Es sind dann wohl doch deutlich mehr als 3 Tasten, vermutlich mindestens  6. Wie OctoCore schon richtig bemerkt hat geschieht dies Tastatur  intern, Tasteneingaben werden intern gesammelt und der reihe nach  abgearbeitet, das Betriebssystem bekommt davon nichts mit, dies  geschieht bei 1000Hz Polling so schnell das quasi alle 105 Tasten (das  DE-Layout hat 105 Tasten)gleichzeitig übertragen werden.
Das Hauptproblem solcher Tricksereien ist die Inkompatibilität mit einigen BS wie z.b. Mac OS.



Superwip schrieb:


> PS/2 bewegt sich bei der Latenz soweit ich weiß übrigens bei ~750µs-2ms, es gibt hier große Unterschiede zwischen den Tastaturen, da der Takt im Standard nicht wirklich definiert ist.
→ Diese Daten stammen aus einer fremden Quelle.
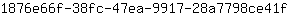 1***f
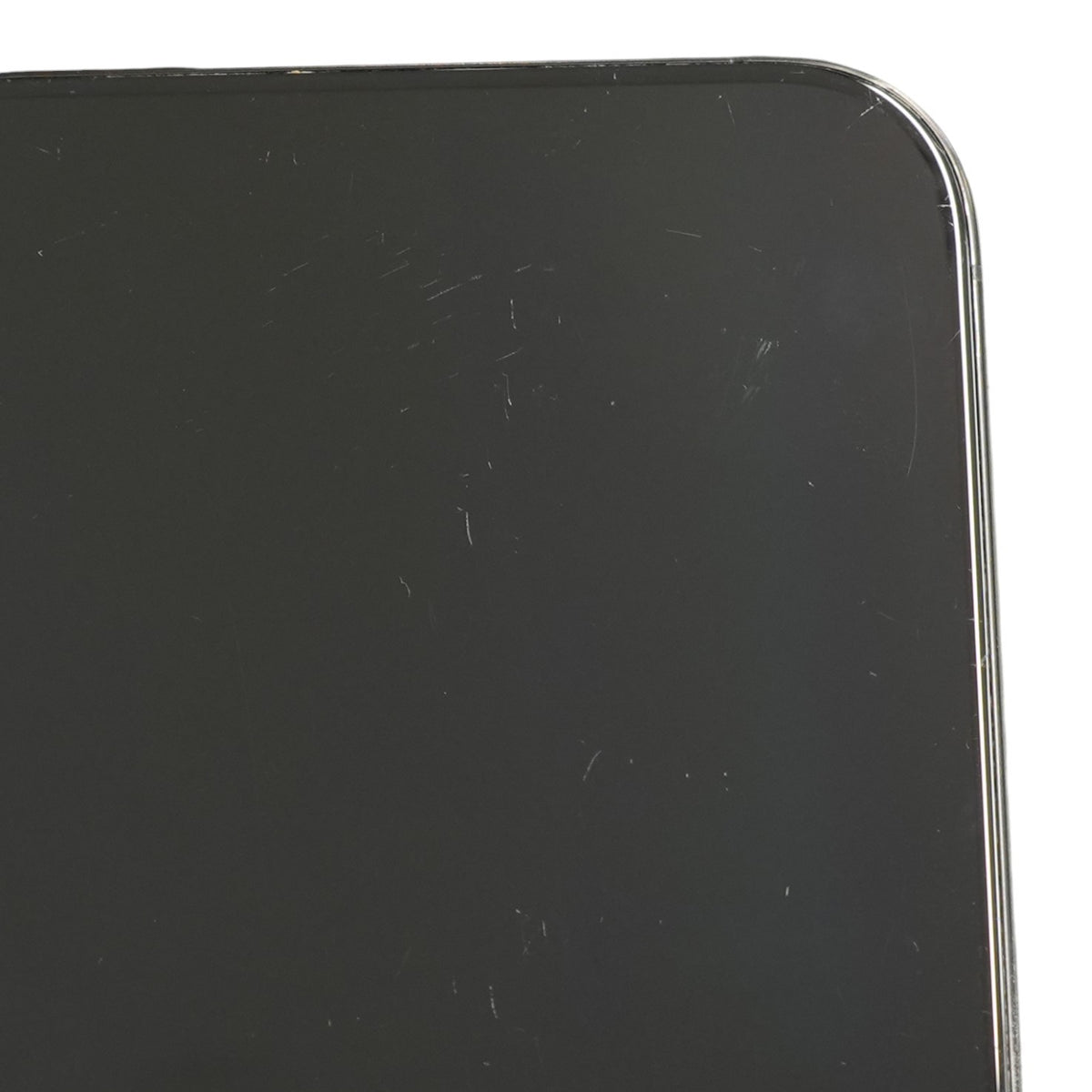 iPhone 16 Pro Max "Carrier Unlocked" 256GB Black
 Der PS/2 hat keinen Takt daher ist der auch nicht definiert. Die Latenz entsteht hier in den Tastaturen selbst und da gibt es wie Du richtig Schreibst große Unterschiede.


Wenn man sich an oben genannte regeln beim USB-Hub hält sind USB und  PS/2 nahezu gleichwertig, die größte Latenz sitzt hier in beiden fällen  vor der Tastatur...


----------



## hulkhardy1 (1. August 2012)

steve_gorden88 schrieb:


> Test: Gigabyte Osmium (Seite 3) - ComputerBase, ziemlich weit untern
> Test: Qpad MK-50 & MK-85 (Seite 5) - ComputerBase hier steht auch was, allerdings wird in beiden Fällen
> vergessen zu erwähnen, das die Modifier dazu kommen.


 
Super Danke, ja die Modifier lass ich auch weg das wird zu kompliziert. 6 Tasten reichen ob jetzt shift oder STRG noch dazu kommen ist wurscht. Wollte ja keine Doktorarbeit schreiben, heheheh! 
Also noch mal danke.


----------



## hulkhardy1 (1. August 2012)

*moparcrazy* mach dir kein Kopf ohne die Probleme hätt ich mich nie so intensiv mit der Sache auseinander gesetzt und ich lerne gern dazu.
Habs ja oben geschrieben bin mehr als zufrieden mit dem Teil. 
Muss dich aber berichtigen hab selbst im Office/Desktop betrieb übleste Lags gehabt als ich meinen G700 Empfänger an der Tastatur angeschlossen hatte, läuft auch auf 1000 Polling Rate!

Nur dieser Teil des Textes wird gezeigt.